Time to mindfully detox.. no diets allowed. Change your portions and the quality of foods you eat... seriously, you get a chance to lead without resentment here, but in the kitchen. Can the fried stuff completely... seriously, no take out anythings, no processed fried stuff... cut out the processed sugars and cut back the salt for 30 days. Steam ALL your veg, grains and seeds like quinoa, brown rice and starches like small red potatoes (just one with your meal, not four), whole grain non-GMO pastas, roasted chicken and broiled fish with a once or twice a week red-meat holiday... maybe a lean pork, ham, or beef but portioned right and fats trimmed.

And walk... walk your mindful backside off! Great for the mind and soul, wonderful self-reflection time.

I'd bet you your next dinner out you see three-five pounds gone the first month...

When I hear the word "trapped" I always think of the Eagles and a line from one of their songs... "So often times it happens, that we live our lives in chains... and we never even know we have the key". This is so true... and true here. 

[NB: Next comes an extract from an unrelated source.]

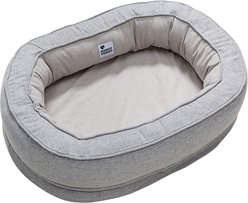 FunnyFuzzy Orthopedic Donut Dog Bed, Gray, Medium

Do not bring any children into this until you have balanced out your life... you dwell on being single out of no other need than to remove the challenges of living with someone, and that takes work... not escapism. The more you want to run away, the easier it looks... as I mentioned in the beginning, it's all downhill and running makes it seam easier because once you pick up momentum, you travel fast... but your balance is off and we all know what happens when downhill at full pace... balance is lost and the slightest stumble send us crashing to the ground with skinned souls and broken selfs... then at the bottom bruised and hurt we have to pick ourselves back up and walk back up that hill.

You need to find you without incurring all that bruising...the best way to do that is avoid the downhill path.

I'm sure my sharing is know for recommending the value of meditation... lucky you! 

Seriously... you are missing out on so much by missing the calm moments you create and control in your life. You think you are calm when she isn't there, but it is a substitution for real calm as that calm should be there whether she is there or not... and that's all you to own. Want the simple guide? Buddha in Blue Jeans, it's even free for Kindle... please consider it.

Accept your weaknesses... there is no shame in seeing yourself where you truly are, struggling in your relationship. We all struggle at times, for many reasons... like you, we have the key... using it is choice.

Choose wisely... believe in your ability to implement the change you want to be and seek counseling if that path has more rocks than you can clear yourself.

Believe in yourself... and be with peace on that journey there.


----------